The pictures stay out; all of the data is to be printed exactly.

[DATA EXTRACT]
--- START ---

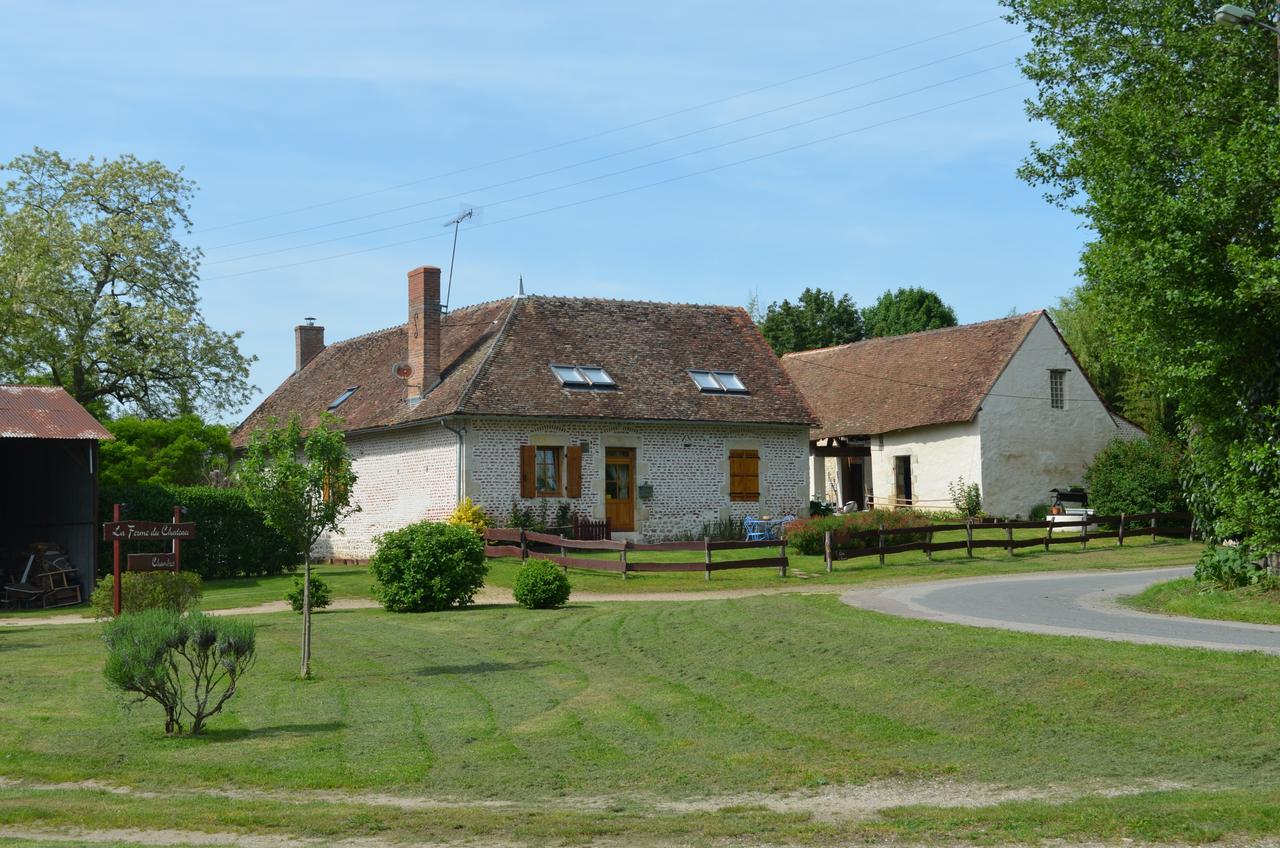La Ferme Du Chateau Tresnay Exterior photo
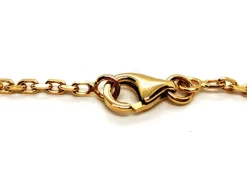 Collier Maille forçat Or jaune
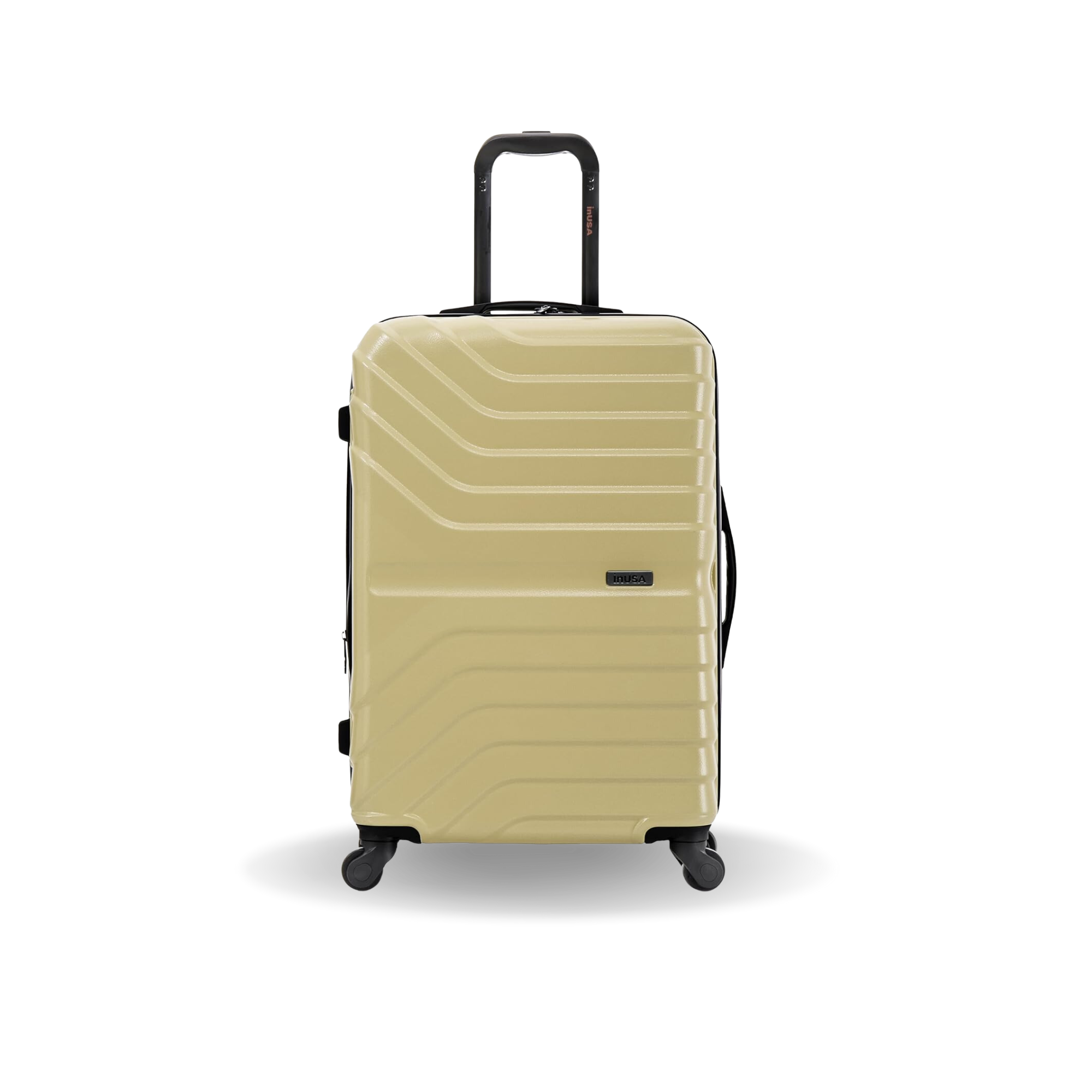 InUSA Luggage Aurum Medium 24" Spinner Suitcase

--- END ---

[EXERCISE RESULT]
La Ferme Du Chateau Tresnay Exterior photo
 Collier Maille forçat Or jaune
 InUSA Luggage Aurum Medium 24" Spinner Suitcase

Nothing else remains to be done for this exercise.